Not only do trees shade from the summer heat, they also help with cutting winter energy costs as well..

Everyone knows that summer temperatures are cooler in the shade. But in winter, it is easy to forget that trees can help cut winter energy costs, too. With some forethought, you can save money by planting evergreen trees and shrubs on the north and northwest sides of your property. 

“Planting evergreen trees and shrubs in certain areas around your house can create an effective windbreak,” says Tchukki Andersen, BCMA, CTSP* and staff arborist with the Tree Care Industry Association (TCIA). “Generally, most cold winds come from the north or west. An option for those sides of the building is to plant a dense row of evergreens. This will provide additional insulation for your building. Be sure to plant them far enough from the foundation to allow for growth.” 

Creating a windbreak 

The ultimate goal of planting a windbreak – or living snow fence – is temperature control. A planting design that takes into account wind speed and direction can offer homeowners benefits ranging from reduced energy costs to more efficient landscape water management. 

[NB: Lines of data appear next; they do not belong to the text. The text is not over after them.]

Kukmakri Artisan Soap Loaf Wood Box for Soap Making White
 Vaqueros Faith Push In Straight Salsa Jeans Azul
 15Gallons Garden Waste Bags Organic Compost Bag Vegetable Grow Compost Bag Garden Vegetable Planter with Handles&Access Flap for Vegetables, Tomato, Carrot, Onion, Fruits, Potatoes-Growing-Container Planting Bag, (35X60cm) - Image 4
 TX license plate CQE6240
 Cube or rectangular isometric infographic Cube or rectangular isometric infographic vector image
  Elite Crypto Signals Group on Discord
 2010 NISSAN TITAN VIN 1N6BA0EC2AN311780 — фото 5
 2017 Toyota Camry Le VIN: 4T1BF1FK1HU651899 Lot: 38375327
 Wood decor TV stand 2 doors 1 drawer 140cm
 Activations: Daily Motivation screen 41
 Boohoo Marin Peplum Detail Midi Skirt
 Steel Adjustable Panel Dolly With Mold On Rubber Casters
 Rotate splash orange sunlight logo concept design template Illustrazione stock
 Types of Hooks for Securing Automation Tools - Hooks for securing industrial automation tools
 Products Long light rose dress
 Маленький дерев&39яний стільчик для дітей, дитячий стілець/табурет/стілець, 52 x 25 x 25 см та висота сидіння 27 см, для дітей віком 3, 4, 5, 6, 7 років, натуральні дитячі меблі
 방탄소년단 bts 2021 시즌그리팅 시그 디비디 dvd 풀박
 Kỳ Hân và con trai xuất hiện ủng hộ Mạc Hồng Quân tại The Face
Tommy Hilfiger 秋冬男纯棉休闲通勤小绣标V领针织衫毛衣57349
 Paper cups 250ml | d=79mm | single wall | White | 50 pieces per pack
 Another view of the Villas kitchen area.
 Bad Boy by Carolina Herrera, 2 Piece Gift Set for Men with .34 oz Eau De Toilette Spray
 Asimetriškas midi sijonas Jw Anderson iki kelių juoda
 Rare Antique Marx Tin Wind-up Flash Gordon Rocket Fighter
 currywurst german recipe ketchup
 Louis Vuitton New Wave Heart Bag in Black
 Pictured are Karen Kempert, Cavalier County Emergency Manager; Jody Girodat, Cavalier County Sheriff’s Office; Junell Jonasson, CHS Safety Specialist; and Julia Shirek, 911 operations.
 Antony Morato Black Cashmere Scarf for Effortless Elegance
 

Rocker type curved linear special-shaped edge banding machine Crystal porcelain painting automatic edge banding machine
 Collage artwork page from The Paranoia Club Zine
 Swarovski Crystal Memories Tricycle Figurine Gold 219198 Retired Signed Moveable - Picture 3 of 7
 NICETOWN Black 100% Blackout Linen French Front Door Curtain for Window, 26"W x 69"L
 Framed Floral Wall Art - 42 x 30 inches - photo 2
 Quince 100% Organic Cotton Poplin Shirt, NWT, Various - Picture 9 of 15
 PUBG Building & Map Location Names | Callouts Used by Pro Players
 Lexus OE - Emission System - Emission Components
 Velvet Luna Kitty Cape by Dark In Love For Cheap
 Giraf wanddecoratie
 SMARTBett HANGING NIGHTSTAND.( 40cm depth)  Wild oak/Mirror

“Wind barriers can channel winds away from your house and cut down on cold drafts getting in,” Andersen advises. “In addition, shrubs, bushes and vines planted near a house can help keep the house cool in summer.” 

How far away should you plant? 

Allow enough space in the tree’s root zone for roots to grow. A qualified tree care provider can assist you with tree selection if you aren’t familiar with how much room a mature tree’s roots will need. Install physical root barriers if concerns about the foundation arise. 

How dense should the windbreak be? 

Whether your goal is to reduce the chilling effects of winter winds or control the accumulation of snow, the density of the plantings is key. A rough estimate of density can be determined by estimating the ratio of the “solid” area (branches, trunks, leaves, etc.) to the total area of the barrier. 

For example, a row of deciduous trees might offer a density of roughly 30 percent. This means that the row consists of 30 percent trees and 70 percent open space in winter. By comparison, a row of conifers might have a density of 50 percent or 60 percent in winter. 

Higher-density windbreaks are better at slowing wind speed enough to cause snow to drop to the ground. Therefore, snow will accumulate both on the windward and leeward side of the row (or rows). These types of living snow fences are extremely useful for keeping roads, driveways and other high-use areas clear of drifts. This means less plowing, less shoveling and less aggravation. 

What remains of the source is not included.